_WHAT YOU NEED TO DO_.
Beginning with the line that contains "cozy pumpkin garland decoration" and ending with the line that contains "Vintage‎ Postcard City", reproduce the lines of the entries below exactly, omitting pictures.

_Saved data entries_.
Segment Open
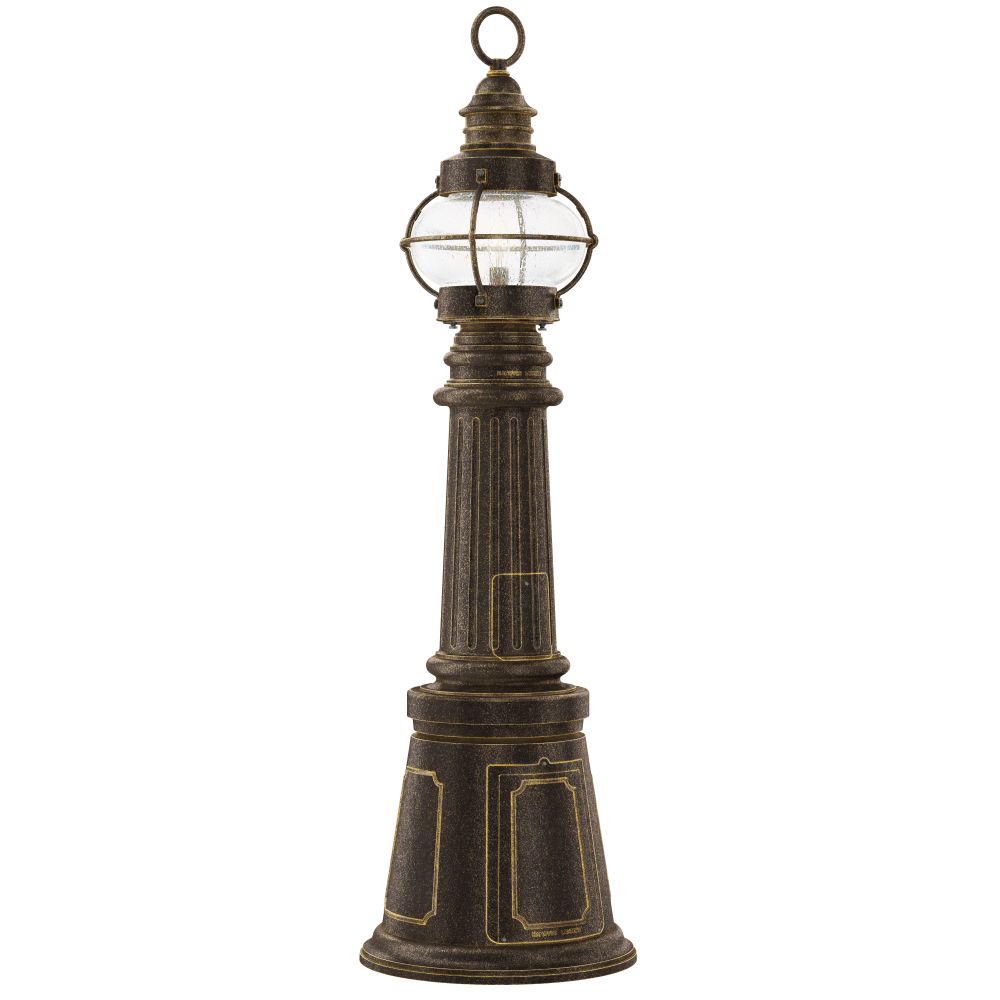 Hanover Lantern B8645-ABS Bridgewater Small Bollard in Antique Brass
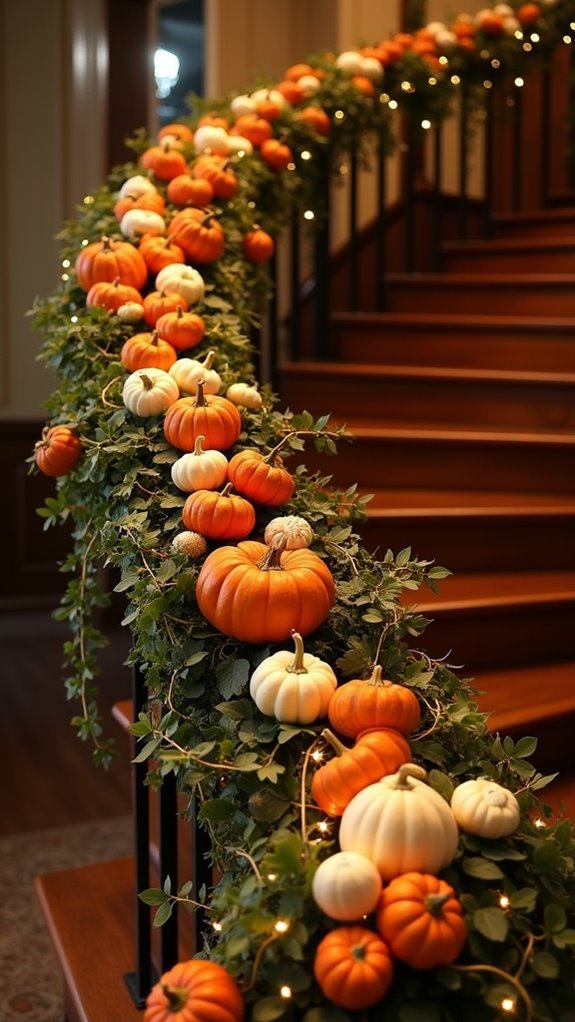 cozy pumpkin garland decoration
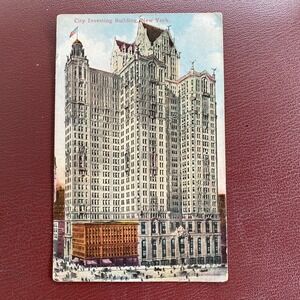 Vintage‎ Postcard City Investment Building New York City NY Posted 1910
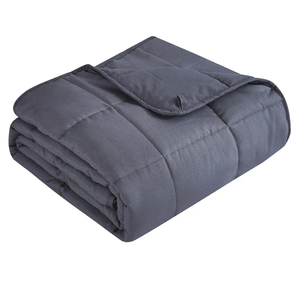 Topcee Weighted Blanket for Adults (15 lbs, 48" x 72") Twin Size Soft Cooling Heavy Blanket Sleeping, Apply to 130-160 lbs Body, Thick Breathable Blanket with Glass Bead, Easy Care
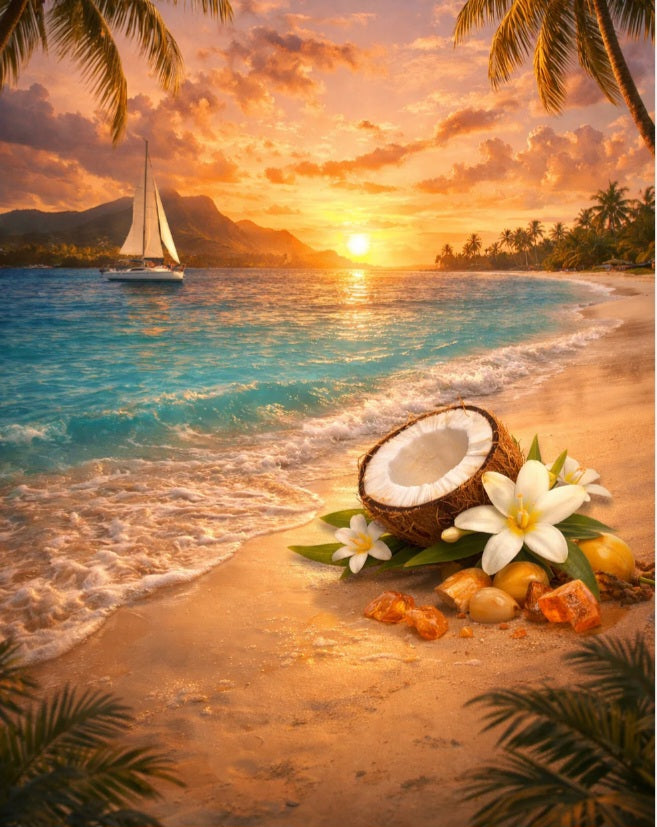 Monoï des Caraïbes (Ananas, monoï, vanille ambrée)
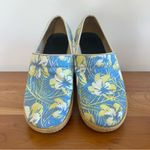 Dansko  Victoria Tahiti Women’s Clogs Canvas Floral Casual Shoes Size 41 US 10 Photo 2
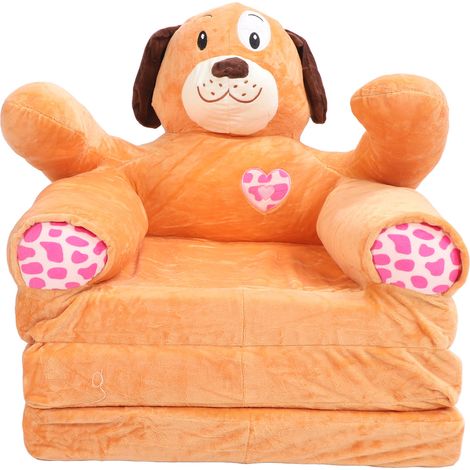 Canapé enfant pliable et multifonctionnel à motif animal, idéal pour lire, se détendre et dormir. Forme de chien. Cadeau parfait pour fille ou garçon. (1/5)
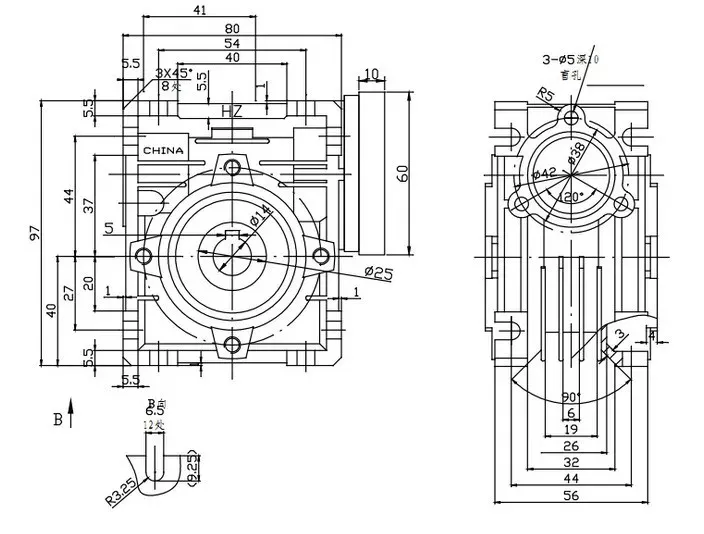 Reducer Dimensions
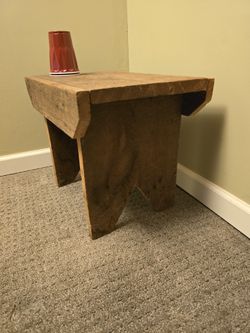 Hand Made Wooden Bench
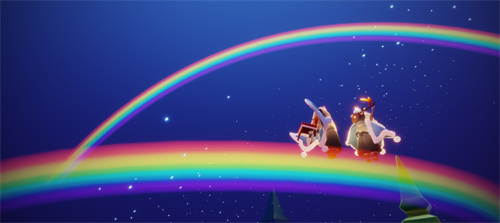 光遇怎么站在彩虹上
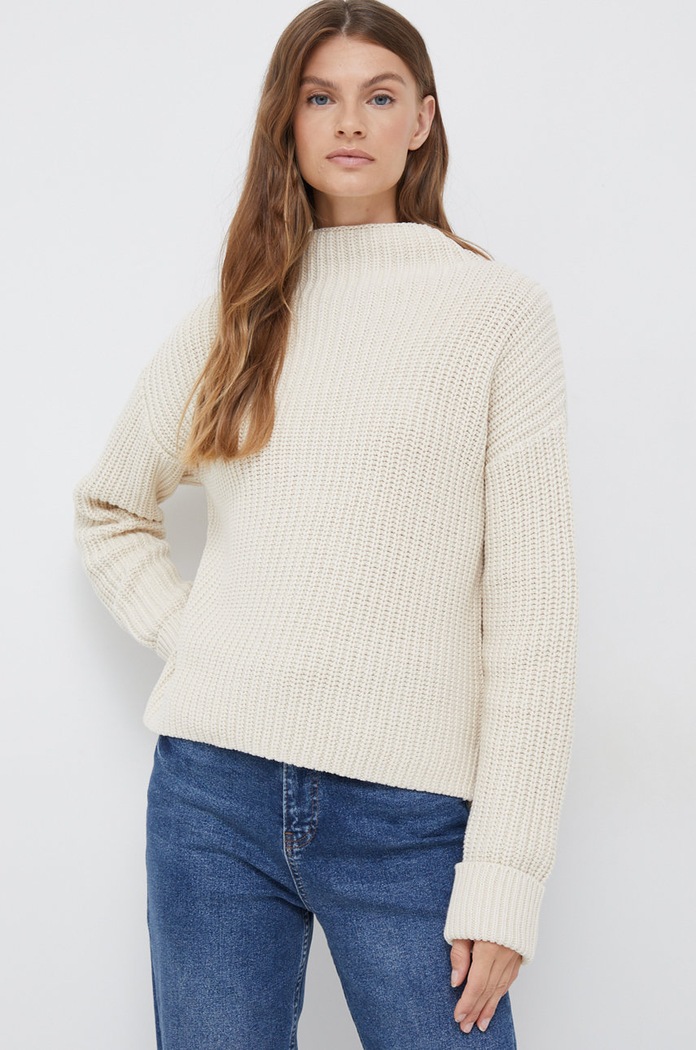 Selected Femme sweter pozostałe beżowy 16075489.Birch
Segment Closed
_WRITTEN SOLUTION_.
 cozy pumpkin garland decoration
 Vintage‎ Postcard City Investment Building New York City NY Posted 1910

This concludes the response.